- Date: November 3–9
- Edition: 26th
- Category: Tier II
- Draw: 28S / 16D
- Prize money: $450,000
- Surface: Carpet / indoor
- Location: Chicago, Illinois, U.S.
- Venue: UIC Pavilion

Champions

Singles
- Lindsay Davenport

Doubles
- Alexandra Fusai / Nathalie Tauziat
| Ameritech Cup |

= 1997 Ameritech Cup =

The 1997 Ameritech Cup was a women's tennis tournament played on indoor carpet courts at the UIC Pavilion in Chicago, Illinois in the United States and was part of the Tier II category of the 1997 WTA Tour.
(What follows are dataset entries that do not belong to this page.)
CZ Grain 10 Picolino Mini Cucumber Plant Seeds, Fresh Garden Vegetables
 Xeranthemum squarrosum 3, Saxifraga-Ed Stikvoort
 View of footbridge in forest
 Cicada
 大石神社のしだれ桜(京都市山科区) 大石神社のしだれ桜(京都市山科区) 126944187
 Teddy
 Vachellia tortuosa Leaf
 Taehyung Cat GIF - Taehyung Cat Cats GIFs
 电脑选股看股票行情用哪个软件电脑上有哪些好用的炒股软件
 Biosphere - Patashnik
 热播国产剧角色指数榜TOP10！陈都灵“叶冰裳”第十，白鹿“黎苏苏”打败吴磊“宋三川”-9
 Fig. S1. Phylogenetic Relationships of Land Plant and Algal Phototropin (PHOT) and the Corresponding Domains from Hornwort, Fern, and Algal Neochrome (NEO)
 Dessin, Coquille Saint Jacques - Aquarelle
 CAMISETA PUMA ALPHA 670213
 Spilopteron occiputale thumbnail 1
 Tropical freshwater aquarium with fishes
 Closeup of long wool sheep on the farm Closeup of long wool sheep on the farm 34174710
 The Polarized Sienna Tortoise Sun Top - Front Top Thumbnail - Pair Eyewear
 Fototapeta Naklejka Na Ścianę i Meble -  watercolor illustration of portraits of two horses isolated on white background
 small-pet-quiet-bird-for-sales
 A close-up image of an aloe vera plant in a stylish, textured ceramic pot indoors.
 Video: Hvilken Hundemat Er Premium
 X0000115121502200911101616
It was the 26th and last edition of the tournament and was held from November 3 through November 9, 1997. Third-seeded Lindsay Davenport won the singles title and earned $79,000 first-prize money.

==Finals==
===Singles===

USA Lindsay Davenport defeated FRA Nathalie Tauziat 6–0, 7–5
- It was Davenport's 6th and last singles title of the year and the 13th of her career.

===Doubles===

FRA Alexandra Fusai / FRA Nathalie Tauziat defeated USA Lindsay Davenport / USA Monica Seles 6–3, 6–2
- It was Fusai's 3rd and last doubles title of the year and the 4th of her career. It was Tauziat's 2nd and last doubles title of the year and the 14th of her career.